**Data block:**

-------

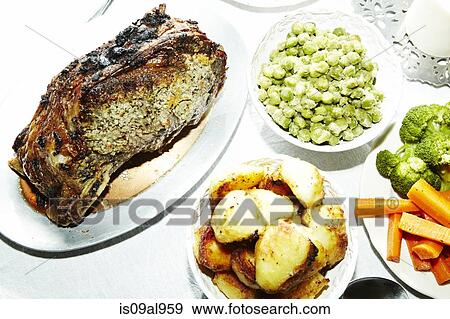 Stock Photo - Dinner meal of roast meat with potatoes, carrots, broccoli and broad beans on table. Fotosearch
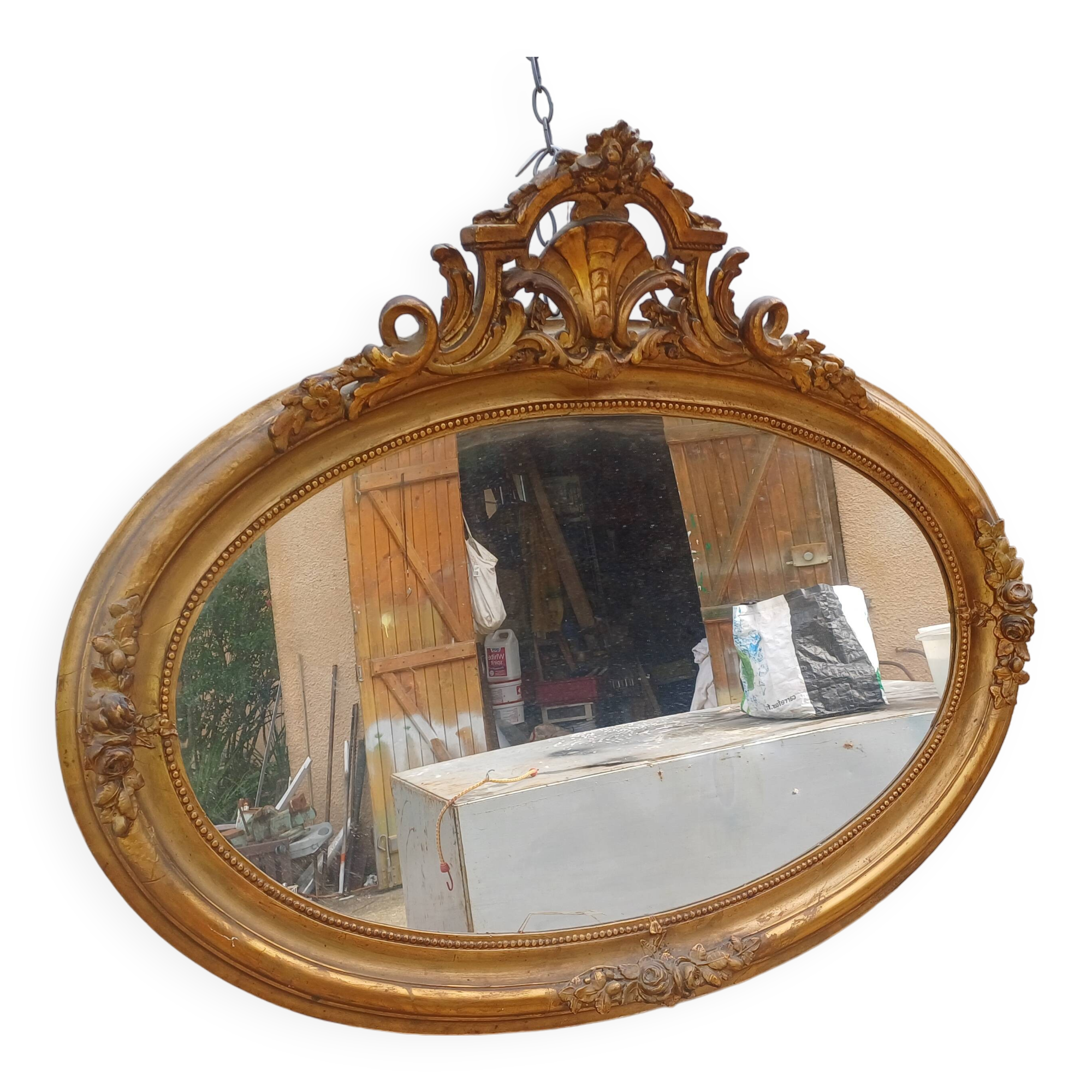 Oval mirror wood and gilded stucco 19th century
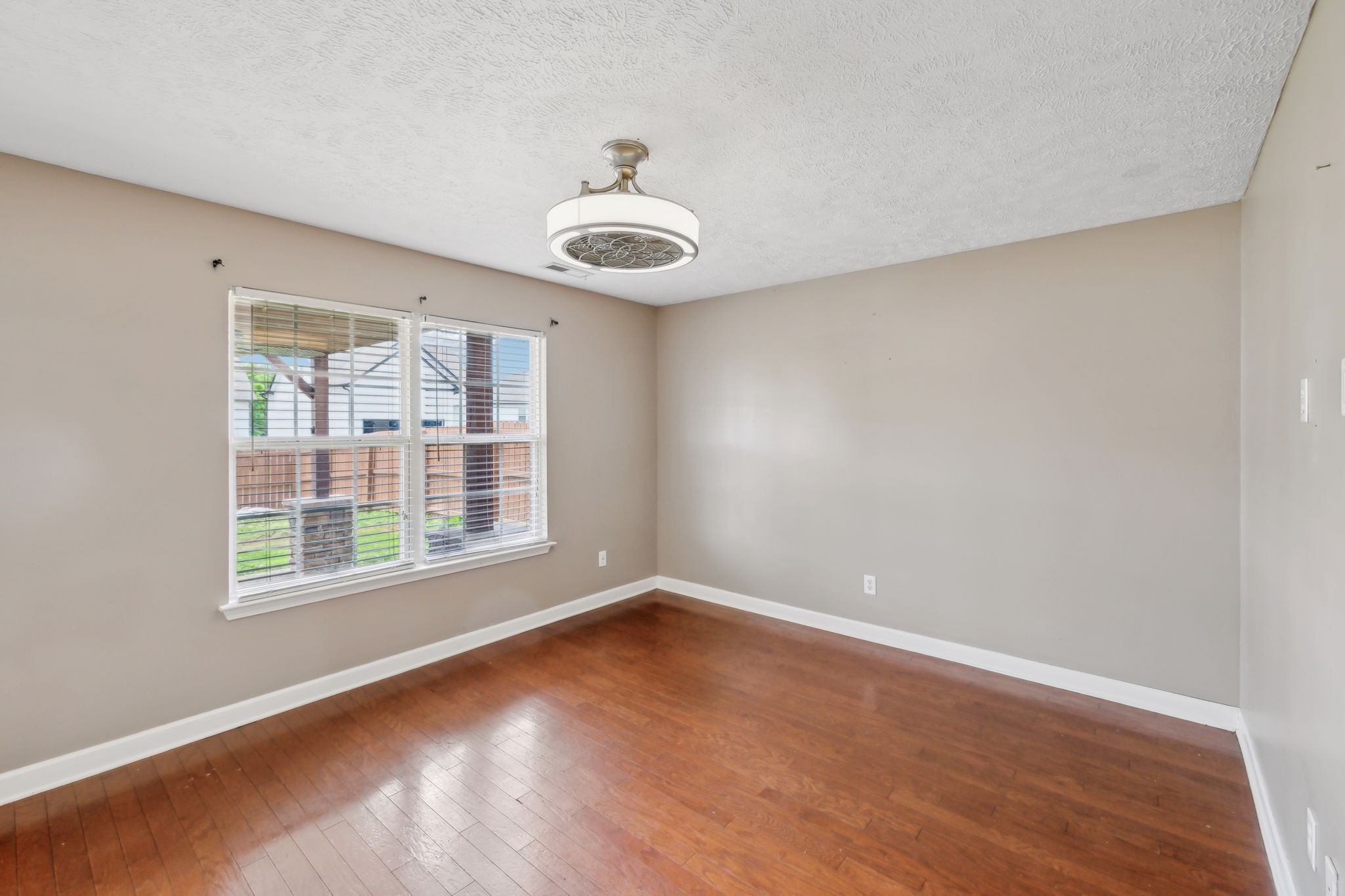325 Golfview Lane Springfield, TN 37172 - Photo 12 of 51 an empty room with wooden floor and windows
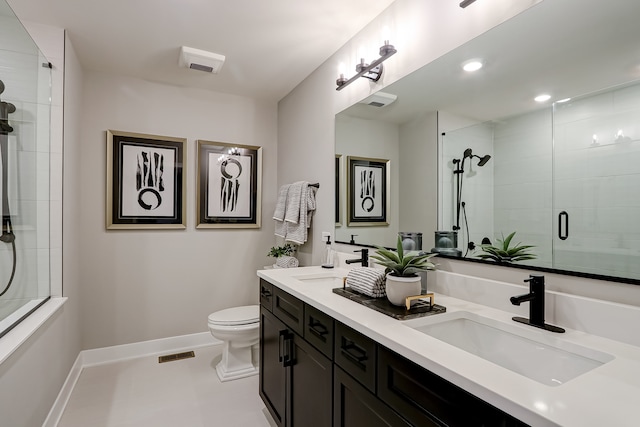 bathroom with vanity, toilet, and a shower with door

-------

What this calls for is the material above set down exactly, pictures excluded.

**Output for this exercise:**
 Stock Photo - Dinner meal of roast meat with potatoes, carrots, broccoli and broad beans on table. Fotosearch
 Oval mirror wood and gilded stucco 19th century
325 Golfview Lane Springfield, TN 37172 - Photo 12 of 51 an empty room with wooden floor and windows
 bathroom with vanity, toilet, and a shower with door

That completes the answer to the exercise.